Dude, you're very funny and highly illogical.  And, you make the best jokes around. Didn't you read, it has a *NON-FUNCTIONAL *hospital. Either you don't have any idea what medical education is, or you're just making a fool of yourself. Anyways, you're welcome to do that. :thumbsup: *CMH has been hammered down, PERIOD!* 

Anyways, Bye. I should rather not waste my time with troll-ers. BEST OF LUCK FOR YOUR FUTURE!


----------



## SonnenSays (Oct 27, 2013)

masterh said:


> Dude, you're very funny and highly illogical.  And, you make the best jokes around. Didn't you read, it has a *NON-FUNCTIONAL *hospital. Either you don't have any idea what medical education is, or you're just making a fool of yourself. Anyways, you're welcome to do that. :thumbsup: *CMH has been hammered down, PERIOD!*
> 
> Anyways, Bye.

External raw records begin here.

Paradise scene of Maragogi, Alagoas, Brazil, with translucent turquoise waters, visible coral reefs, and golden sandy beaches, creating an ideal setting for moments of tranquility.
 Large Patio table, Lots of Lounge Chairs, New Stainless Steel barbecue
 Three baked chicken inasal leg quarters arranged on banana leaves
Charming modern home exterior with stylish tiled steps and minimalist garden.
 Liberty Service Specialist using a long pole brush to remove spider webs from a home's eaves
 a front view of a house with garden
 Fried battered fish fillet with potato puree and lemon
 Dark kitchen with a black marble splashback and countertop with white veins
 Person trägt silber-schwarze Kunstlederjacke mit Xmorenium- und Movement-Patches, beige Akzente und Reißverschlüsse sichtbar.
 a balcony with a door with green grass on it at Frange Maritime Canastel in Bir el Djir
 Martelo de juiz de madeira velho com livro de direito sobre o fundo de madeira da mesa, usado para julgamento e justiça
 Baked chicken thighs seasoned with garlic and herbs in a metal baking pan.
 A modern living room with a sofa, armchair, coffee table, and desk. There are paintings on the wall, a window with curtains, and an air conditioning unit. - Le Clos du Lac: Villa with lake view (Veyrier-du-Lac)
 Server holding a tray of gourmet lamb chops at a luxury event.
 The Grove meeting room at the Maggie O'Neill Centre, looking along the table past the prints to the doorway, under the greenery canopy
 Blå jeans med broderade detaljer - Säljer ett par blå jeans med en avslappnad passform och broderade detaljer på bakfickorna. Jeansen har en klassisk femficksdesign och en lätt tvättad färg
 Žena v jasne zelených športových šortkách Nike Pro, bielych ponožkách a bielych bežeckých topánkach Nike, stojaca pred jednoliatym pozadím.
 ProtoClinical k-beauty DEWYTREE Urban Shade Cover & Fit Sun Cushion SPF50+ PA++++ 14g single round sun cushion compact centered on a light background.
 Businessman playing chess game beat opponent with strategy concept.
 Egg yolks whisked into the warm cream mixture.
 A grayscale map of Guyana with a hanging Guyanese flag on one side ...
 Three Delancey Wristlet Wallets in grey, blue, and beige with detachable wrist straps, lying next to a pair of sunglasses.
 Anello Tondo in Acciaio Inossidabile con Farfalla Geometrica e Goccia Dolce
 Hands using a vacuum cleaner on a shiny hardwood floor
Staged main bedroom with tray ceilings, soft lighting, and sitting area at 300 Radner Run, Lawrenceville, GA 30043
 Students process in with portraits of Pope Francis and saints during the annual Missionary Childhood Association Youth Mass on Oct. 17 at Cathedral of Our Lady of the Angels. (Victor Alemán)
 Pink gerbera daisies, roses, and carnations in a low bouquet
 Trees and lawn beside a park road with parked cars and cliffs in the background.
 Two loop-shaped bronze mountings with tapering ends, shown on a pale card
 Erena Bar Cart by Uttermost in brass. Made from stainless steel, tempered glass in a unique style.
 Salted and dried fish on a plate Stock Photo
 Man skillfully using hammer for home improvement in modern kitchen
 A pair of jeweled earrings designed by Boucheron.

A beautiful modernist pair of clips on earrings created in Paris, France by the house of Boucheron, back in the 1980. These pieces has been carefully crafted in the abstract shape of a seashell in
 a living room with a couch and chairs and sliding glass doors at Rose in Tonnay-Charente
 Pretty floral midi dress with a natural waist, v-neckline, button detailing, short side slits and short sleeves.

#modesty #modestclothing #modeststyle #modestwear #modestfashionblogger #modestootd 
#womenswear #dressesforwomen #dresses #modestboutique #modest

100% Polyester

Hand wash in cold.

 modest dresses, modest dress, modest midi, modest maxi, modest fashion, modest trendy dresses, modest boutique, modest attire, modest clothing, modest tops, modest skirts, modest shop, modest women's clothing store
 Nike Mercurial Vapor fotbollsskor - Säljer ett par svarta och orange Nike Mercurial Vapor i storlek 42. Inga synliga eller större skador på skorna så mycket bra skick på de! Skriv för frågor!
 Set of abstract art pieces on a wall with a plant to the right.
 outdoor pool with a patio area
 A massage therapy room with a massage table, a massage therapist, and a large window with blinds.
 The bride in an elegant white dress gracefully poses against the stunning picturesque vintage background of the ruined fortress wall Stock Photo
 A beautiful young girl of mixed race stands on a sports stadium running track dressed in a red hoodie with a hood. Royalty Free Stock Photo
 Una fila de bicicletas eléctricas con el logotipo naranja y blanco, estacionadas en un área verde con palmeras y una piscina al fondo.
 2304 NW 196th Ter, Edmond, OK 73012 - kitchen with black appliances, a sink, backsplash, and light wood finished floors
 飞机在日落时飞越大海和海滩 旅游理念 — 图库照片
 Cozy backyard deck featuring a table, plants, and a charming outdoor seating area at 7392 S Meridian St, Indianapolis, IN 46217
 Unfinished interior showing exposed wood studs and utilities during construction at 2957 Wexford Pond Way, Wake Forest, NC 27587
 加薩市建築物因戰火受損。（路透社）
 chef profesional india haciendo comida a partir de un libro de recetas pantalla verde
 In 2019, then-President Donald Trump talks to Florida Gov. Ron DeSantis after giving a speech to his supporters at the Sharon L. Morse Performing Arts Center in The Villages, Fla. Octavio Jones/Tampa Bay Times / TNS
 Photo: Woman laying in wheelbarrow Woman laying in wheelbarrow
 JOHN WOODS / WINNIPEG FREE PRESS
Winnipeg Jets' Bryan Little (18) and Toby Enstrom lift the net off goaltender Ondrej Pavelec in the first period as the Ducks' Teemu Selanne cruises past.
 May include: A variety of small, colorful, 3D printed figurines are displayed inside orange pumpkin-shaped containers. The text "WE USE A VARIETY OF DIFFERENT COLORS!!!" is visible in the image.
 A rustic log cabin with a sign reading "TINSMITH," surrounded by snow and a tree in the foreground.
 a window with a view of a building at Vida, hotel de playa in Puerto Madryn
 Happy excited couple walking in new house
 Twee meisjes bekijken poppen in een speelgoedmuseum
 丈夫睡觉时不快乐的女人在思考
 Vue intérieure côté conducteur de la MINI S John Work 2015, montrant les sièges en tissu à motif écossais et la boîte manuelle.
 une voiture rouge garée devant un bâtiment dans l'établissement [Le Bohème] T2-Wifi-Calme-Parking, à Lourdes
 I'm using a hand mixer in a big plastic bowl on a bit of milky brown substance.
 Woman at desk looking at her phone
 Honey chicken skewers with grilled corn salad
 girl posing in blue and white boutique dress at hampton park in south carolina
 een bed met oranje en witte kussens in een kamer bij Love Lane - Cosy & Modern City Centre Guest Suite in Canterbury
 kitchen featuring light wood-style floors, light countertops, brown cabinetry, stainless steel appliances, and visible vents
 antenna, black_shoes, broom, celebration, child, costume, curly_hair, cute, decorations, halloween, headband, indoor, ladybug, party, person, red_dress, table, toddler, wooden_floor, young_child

I should rather not waste my time with troll-ers. BEST OF LUCK FOR YOUR FUTURE!



You just wasted your time with a troll. Now you can't take it back.
And you make yourself seem incredibly chilidish and butthurt.


And CMH>>>>>>Shalamar,
Now and forever and ever and ever.

Grow up and stop being such a delusional baby.


----------



## masterh (Sep 20, 2011)

SonnenSays said:


> You just wasted your time with a troll. Now you can't take it back.
> And you make yourself seem incredibly chilidish and butthurt.
> 
> 
> ...


Buahahahahahaha...  That was the *BIGGEST JOKE EVER *by you, Mr. Blind  BYE!


----------



## SonnenSays (Oct 27, 2013)

masterh said:


> Buahahahahahaha...  That was the *BIGGEST JOKE EVER *by you, Mr. Blind  BYE!


bye mr. deaf


----------



## masterh (Sep 20, 2011)

:thumbsup:


----------



## Abiha Butt (Mar 21, 2014)

PMDC is just a drama and nothing else


----------



## SonnenSays (Oct 27, 2013)

Abiha Butt said:


> PMDC is just a drama and nothing else


Pretty much this. 8 years ago they were giving warnings to sheikh zayed only to nationalise it later on.
Doesn't matter how many warnings they give or what people think, CMH is gonna remain the best pvt med clg in Punjab.


----------



## Feline (Jan 14, 2014)

SonnenSays said:


> Pretty much this. 8 years ago they were giving warnings to sheikh zayed only to nationalise it later on.
> Doesn't matter how many warnings they give or what people think, CMH is gonna remain the best pvt med clg in Punjab.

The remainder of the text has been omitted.